**Exercise directions**
Beneath this line is the data. Output exactly the lines from the line with "Chanel Sac bandoulière" to the line with "301 Douglas, Beaver, OK", both ends included, and nothing more.

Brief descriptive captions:
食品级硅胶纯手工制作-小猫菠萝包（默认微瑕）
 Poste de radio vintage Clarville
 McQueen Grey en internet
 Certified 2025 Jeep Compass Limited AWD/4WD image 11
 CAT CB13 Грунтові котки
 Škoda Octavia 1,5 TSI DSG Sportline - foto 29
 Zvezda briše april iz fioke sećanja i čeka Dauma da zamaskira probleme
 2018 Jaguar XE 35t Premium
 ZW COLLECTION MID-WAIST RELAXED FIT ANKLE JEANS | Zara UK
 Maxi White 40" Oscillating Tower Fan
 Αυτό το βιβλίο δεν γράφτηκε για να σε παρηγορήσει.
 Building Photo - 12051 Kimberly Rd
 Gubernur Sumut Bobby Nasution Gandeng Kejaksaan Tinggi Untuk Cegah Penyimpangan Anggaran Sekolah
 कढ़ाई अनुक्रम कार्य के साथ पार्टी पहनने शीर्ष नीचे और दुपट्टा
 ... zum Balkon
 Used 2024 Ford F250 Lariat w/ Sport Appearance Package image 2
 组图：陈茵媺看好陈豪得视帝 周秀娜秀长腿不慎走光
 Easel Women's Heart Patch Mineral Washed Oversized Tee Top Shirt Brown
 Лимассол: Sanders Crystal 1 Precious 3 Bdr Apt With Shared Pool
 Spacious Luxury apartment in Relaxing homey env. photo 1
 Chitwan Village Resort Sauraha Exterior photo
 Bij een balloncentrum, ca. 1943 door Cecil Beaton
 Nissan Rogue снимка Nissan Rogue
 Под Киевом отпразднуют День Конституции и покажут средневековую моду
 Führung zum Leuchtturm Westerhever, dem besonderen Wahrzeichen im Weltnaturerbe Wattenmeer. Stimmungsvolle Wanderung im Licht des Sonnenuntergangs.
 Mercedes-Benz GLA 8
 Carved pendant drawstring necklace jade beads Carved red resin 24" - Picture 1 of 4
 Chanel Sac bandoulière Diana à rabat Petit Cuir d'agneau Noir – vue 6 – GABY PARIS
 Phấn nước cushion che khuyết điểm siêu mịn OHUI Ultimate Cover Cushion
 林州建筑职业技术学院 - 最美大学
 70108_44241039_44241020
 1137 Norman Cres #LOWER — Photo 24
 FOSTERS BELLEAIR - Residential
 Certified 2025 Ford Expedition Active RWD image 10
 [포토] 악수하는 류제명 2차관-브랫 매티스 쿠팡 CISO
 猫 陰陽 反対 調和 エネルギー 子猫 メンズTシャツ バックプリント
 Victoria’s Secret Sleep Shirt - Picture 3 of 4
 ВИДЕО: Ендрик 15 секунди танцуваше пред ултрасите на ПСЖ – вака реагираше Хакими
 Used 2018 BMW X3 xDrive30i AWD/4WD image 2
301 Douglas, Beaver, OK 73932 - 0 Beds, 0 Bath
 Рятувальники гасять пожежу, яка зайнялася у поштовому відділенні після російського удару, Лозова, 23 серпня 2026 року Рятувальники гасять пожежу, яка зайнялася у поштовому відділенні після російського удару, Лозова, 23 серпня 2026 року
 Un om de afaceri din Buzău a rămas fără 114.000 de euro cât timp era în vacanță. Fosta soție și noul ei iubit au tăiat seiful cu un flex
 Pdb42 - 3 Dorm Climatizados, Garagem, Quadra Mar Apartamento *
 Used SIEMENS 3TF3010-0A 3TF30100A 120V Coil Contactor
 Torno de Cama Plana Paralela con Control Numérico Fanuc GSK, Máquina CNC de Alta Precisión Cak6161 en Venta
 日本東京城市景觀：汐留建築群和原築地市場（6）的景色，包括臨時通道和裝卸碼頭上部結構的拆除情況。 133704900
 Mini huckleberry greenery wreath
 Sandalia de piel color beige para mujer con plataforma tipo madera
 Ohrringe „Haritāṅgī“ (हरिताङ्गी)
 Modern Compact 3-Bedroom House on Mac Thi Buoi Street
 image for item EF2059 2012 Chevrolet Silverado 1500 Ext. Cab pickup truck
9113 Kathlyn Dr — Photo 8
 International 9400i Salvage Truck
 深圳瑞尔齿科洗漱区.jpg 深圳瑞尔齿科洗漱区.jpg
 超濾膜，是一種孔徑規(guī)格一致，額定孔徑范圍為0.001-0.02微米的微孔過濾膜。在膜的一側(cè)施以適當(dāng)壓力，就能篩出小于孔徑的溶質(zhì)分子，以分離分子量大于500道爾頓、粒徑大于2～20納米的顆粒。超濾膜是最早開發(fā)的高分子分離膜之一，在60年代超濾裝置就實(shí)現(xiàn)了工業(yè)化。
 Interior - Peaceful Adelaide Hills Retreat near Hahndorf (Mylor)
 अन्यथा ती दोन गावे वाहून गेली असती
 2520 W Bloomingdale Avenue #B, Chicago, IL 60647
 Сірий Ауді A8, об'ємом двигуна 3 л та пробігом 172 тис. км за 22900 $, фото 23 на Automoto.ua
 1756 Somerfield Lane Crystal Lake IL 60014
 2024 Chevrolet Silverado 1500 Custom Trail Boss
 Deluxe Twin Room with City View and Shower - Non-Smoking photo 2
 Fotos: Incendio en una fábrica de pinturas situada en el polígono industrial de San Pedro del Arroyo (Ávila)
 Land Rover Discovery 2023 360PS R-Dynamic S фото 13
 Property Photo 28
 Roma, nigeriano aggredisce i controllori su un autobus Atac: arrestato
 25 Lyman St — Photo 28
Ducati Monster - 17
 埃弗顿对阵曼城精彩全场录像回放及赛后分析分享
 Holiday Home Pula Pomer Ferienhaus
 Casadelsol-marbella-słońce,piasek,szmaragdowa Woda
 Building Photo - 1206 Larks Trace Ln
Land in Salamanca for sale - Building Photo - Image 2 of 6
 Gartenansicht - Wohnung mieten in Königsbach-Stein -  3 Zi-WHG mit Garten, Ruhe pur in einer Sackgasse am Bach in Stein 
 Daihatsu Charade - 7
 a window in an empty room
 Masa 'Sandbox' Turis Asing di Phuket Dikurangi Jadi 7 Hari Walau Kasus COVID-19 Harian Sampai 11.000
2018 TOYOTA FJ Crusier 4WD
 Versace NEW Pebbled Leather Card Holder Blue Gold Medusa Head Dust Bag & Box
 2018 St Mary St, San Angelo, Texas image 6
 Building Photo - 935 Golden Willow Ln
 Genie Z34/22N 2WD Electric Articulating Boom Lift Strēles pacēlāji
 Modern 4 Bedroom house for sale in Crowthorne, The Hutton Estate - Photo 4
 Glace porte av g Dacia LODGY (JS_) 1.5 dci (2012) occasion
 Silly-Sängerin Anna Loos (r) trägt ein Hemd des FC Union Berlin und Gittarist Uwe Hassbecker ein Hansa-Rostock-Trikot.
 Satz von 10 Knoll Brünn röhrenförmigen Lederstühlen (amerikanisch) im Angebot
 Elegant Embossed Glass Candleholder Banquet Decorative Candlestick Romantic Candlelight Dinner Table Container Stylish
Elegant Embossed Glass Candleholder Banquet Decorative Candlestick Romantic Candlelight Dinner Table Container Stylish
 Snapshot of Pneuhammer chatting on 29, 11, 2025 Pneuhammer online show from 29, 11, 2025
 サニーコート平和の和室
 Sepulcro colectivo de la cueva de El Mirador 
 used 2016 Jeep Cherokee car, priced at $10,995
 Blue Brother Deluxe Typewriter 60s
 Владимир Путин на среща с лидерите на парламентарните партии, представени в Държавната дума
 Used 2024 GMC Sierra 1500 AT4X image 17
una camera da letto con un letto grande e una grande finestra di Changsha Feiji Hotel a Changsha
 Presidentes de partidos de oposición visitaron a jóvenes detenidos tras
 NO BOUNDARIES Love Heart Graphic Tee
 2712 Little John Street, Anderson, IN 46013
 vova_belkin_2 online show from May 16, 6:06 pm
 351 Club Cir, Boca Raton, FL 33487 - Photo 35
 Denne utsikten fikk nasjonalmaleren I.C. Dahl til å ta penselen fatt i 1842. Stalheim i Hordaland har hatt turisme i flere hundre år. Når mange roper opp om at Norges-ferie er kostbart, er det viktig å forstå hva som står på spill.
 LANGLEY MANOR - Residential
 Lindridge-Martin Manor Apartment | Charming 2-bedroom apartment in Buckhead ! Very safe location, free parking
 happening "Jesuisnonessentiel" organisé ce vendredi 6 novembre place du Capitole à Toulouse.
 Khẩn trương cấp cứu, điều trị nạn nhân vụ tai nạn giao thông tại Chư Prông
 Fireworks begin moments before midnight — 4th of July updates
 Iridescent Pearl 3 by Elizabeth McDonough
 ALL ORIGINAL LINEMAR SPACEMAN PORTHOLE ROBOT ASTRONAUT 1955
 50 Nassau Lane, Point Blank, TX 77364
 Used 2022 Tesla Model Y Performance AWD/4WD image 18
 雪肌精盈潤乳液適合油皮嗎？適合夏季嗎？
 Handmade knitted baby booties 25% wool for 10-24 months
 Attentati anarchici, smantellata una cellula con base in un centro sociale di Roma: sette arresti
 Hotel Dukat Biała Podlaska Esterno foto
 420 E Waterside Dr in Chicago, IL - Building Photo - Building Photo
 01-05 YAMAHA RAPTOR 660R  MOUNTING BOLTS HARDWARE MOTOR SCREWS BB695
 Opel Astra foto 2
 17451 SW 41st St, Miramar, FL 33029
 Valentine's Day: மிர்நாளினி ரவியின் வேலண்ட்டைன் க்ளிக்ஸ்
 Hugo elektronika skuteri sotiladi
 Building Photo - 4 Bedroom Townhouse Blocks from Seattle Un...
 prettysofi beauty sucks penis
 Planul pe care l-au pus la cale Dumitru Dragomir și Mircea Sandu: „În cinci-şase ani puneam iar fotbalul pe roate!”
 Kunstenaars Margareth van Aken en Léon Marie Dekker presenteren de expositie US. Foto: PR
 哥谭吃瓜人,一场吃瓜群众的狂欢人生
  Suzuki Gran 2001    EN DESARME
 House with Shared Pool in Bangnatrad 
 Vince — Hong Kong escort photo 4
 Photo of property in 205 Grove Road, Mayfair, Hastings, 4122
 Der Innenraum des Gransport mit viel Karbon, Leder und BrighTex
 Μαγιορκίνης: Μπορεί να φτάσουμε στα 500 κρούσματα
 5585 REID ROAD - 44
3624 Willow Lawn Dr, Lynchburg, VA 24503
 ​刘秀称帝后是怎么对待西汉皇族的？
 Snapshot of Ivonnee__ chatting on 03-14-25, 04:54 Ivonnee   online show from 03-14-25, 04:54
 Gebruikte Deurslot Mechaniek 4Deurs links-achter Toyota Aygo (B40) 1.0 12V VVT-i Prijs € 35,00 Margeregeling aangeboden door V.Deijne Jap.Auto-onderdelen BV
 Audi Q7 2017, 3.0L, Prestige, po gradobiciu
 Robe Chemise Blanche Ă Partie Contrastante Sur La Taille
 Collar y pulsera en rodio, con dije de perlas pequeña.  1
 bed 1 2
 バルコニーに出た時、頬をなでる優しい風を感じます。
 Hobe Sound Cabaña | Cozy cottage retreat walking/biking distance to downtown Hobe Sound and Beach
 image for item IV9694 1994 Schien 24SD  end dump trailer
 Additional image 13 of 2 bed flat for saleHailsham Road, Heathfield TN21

**Response to the exercise**
 Chanel Sac bandoulière Diana à rabat Petit Cuir d'agneau Noir – vue 6 – GABY PARIS
 Phấn nước cushion che khuyết điểm siêu mịn OHUI Ultimate Cover Cushion
 林州建筑职业技术学院 - 最美大学
 70108_44241039_44241020
 1137 Norman Cres #LOWER — Photo 24
 FOSTERS BELLEAIR - Residential
 Certified 2025 Ford Expedition Active RWD image 10
 [포토] 악수하는 류제명 2차관-브랫 매티스 쿠팡 CISO
 猫 陰陽 反対 調和 エネルギー 子猫 メンズTシャツ バックプリント
 Victoria’s Secret Sleep Shirt - Picture 3 of 4
 ВИДЕО: Ендрик 15 секунди танцуваше пред ултрасите на ПСЖ – вака реагираше Хакими
 Used 2018 BMW X3 xDrive30i AWD/4WD image 2
301 Douglas, Beaver, OK 73932 - 0 Beds, 0 Bath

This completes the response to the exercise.